Many piano students have issues with stretching. Smaller hands are less suited to playing the piano than larger ones, and they often need a little more help when learning certain repertoire. Playing hefty chords and intervals of an octave (8 notes) or more, in either hand, can create physical problems, causing the hand to ‘lock-up’ and subsequently become tense, curtailing fast movement.
This can also happen even when chords are negotiated relatively easily; fast double octave passagework, octaves with the melody in the top line (or bottom line), quick chordal passages, and chords which leap around the keyboard, are all potentially troublesome for the smaller hand.

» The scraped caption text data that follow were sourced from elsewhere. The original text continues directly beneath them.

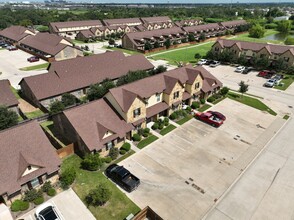 400-408 Baby Bear dr in College Station, TX - Building Photo - Building Photo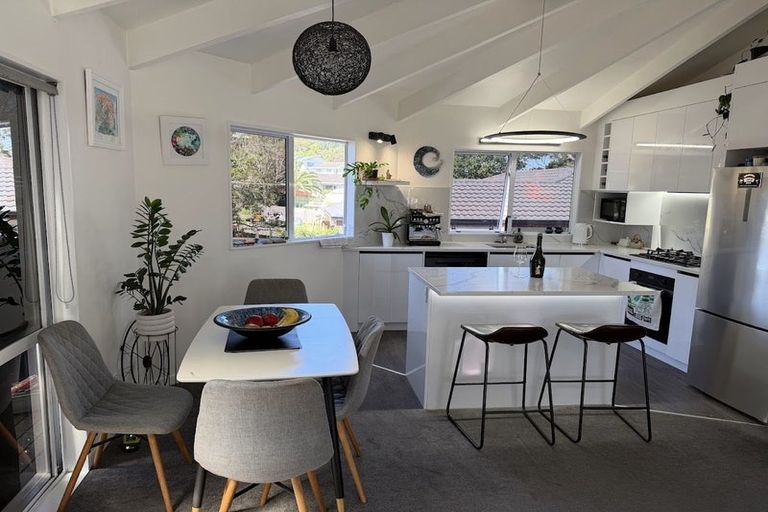 Photo of property in 2 Hanui Place, Massey, Auckland, 0614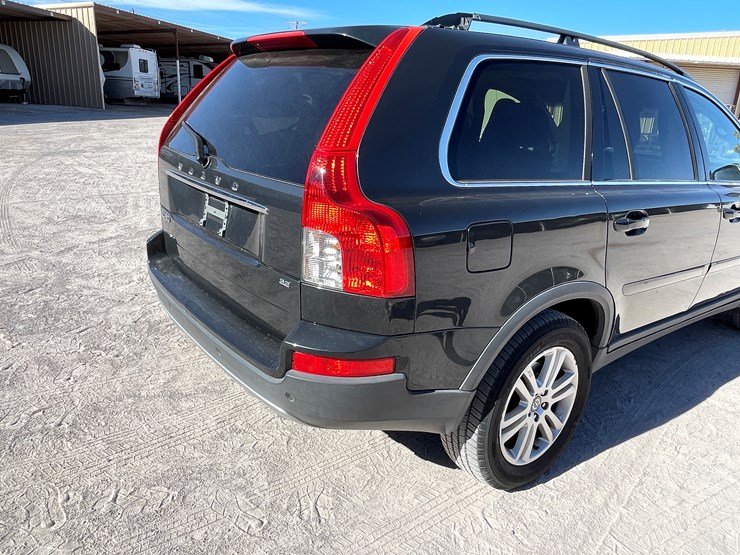 2010-volvo-xc90-image-31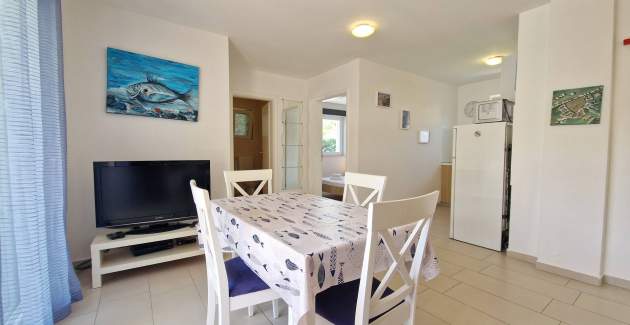 Apartment Pavlakovic - with Balcony and Parking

It’s occasionally possible to re-write passagework in order to play successfully, but a better plan is to train the hand and fingers so that they become accustomed, and indeed prepared, to play large intervals without any strain.
Here are a few ideas and suggestions to help prepare the fingers and hand; it is possible to re-train yourself mentally and physically, allowing the hand and whole upper body to feel free and unrestricted whilst stretching octaves and beyond.
Place your hand (or hands) on a table top (or your knee) in a totally natural position, stretching out as far as is comfortable, with no tension (see photo below). Observe how each hand feels as you stretch out whilst relaxing your arm(s) and upper body; it’s important to sense what is completely relaxed.
Next play an octave interval on the piano in each hand (one at a time), again feeling totally relaxed (this might only be an interval of a 6th or 7th if you have small hands or an octave feels tense). If you can’t yet reach an octave, a flat hand position (i.e. the whole hand out-stretched as on the table top in the photo above) might be necessary at first so that you can actually reach the interval.
Whilst playing the interval, observe the thumb and 5th finger; the two fingers you will normally be using to play any interval (although after a while you may be able to use the 3rd and 4th fingers alongside the thumb for octaves as well). How they negotiate any wide interval is vital.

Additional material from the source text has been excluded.